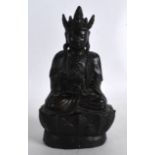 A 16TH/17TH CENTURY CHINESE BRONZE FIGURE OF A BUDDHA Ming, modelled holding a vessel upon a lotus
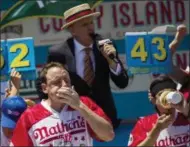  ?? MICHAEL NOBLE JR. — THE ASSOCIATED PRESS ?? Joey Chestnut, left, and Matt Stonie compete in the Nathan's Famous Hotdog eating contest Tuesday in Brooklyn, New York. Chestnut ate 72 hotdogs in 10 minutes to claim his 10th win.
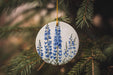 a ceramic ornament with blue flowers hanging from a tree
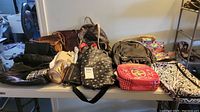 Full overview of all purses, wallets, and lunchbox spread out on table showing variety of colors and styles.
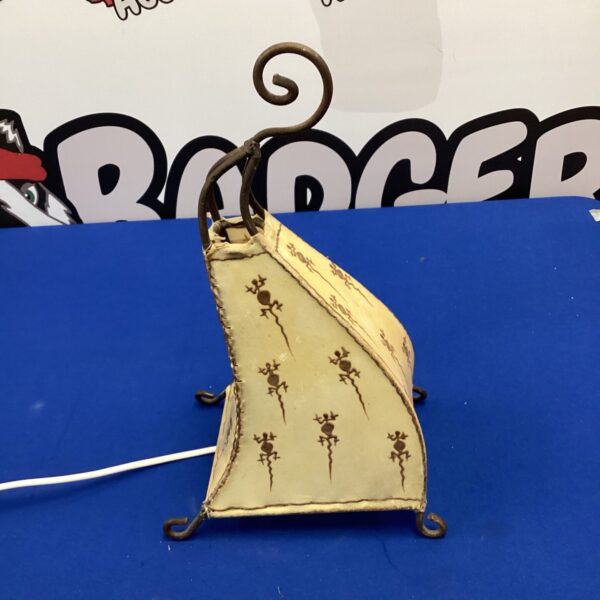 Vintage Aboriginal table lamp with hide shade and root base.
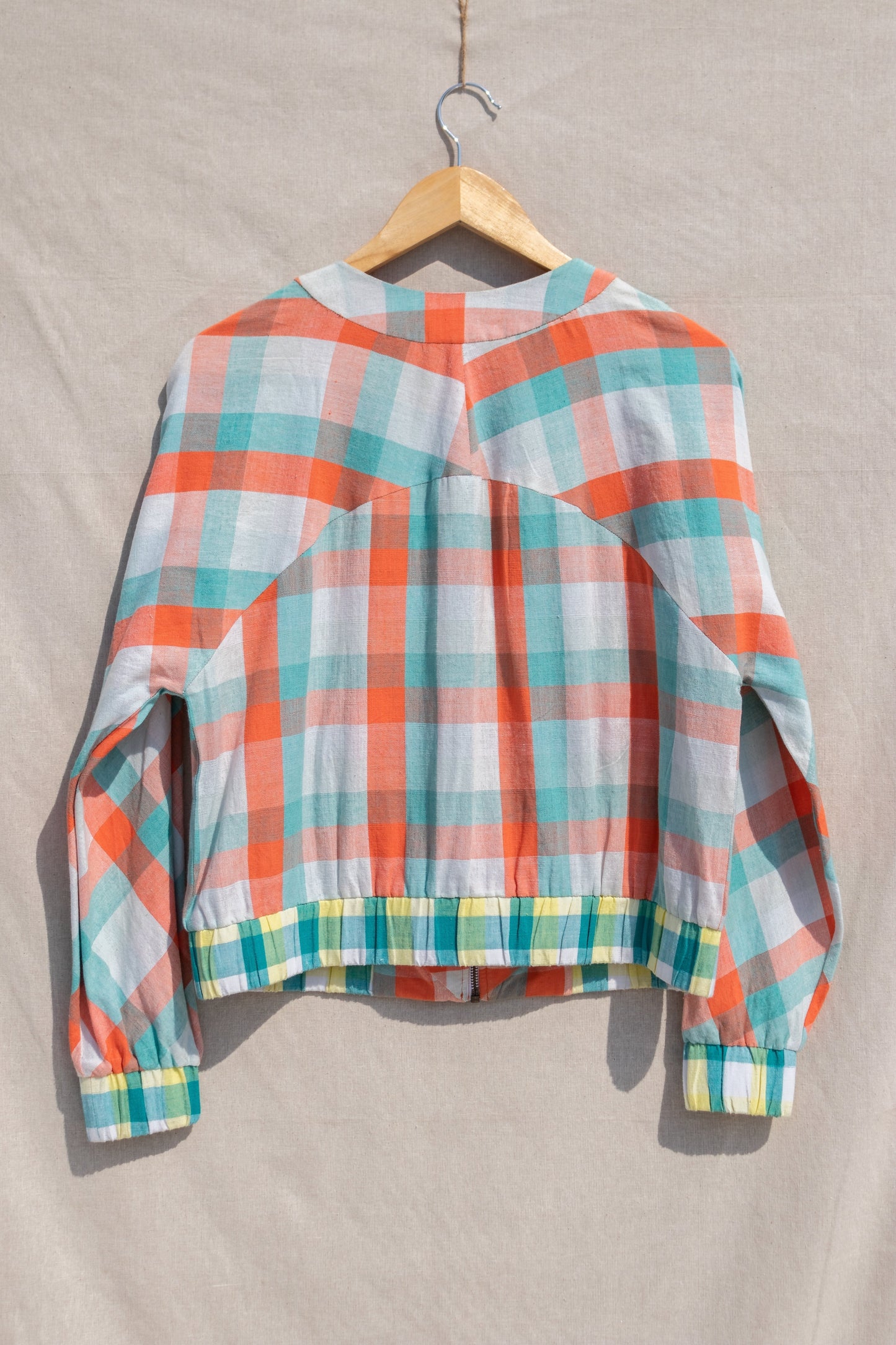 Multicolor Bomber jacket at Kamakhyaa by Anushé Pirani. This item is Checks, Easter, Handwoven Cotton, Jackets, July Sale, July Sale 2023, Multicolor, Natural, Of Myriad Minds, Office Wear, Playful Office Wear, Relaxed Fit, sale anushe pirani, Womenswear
========================================================================
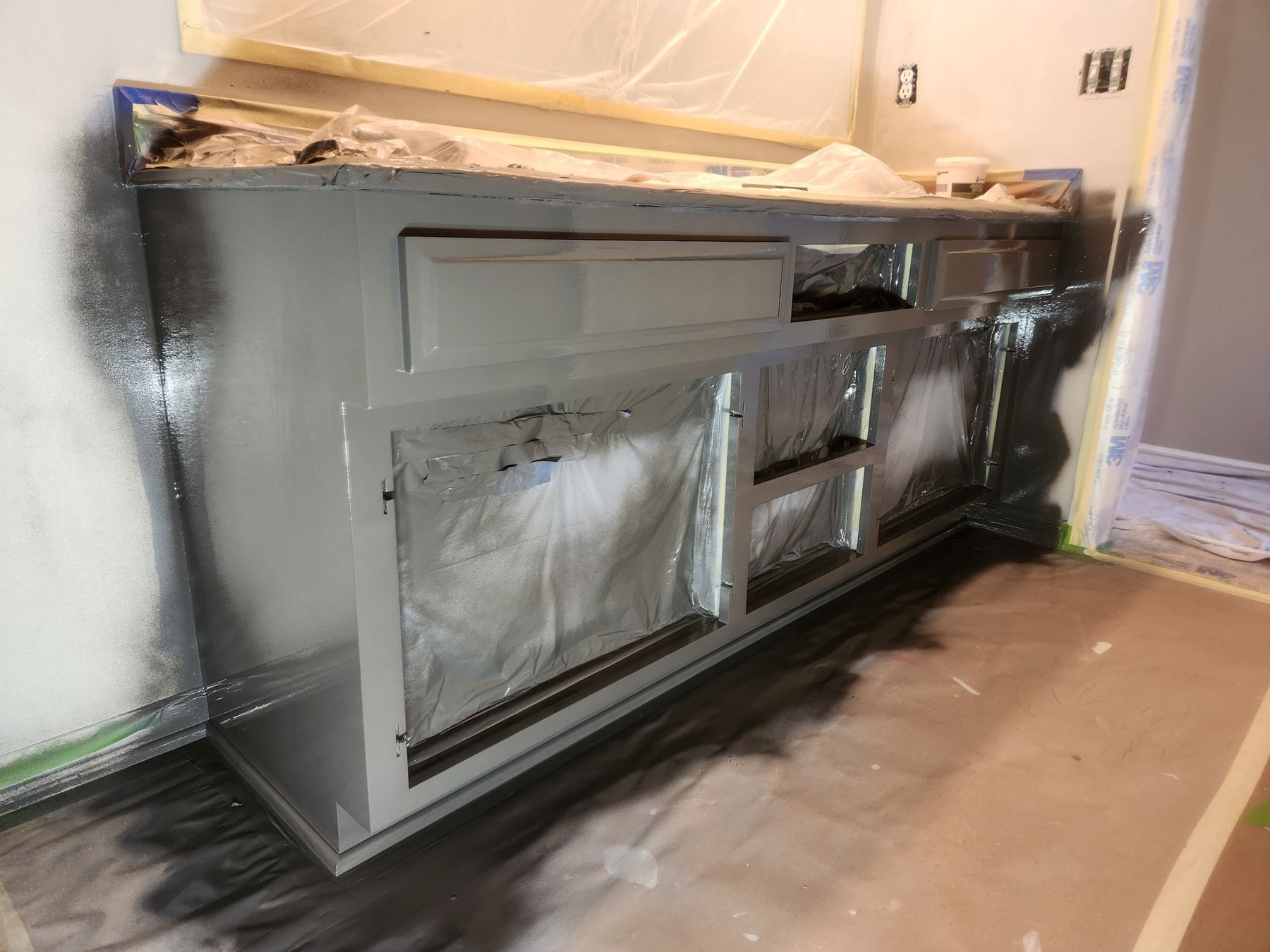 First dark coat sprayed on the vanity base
========================================================================
*Your instructions:*
Retype the lines above exactly as they appear, from the line containing "A 16TH/17TH CENTURY" through the line containing "a ceramic ornament", and leave out any pictures.

*Result:*
 A 16TH/17TH CENTURY CHINESE BRONZE FIGURE OF A BUDDHA Ming, modelled holding a vessel upon a lotus
  ?? MICHAEL NOBLE JR. — THE ASSOCIATED PRESS ?? Joey Chestnut, left, and Matt Stonie compete in the Nathan's Famous Hotdog eating contest Tuesday in Brooklyn, New York. Chestnut ate 72 hotdogs in 10 minutes to claim his 10th win.
 a ceramic ornament with blue flowers hanging from a tree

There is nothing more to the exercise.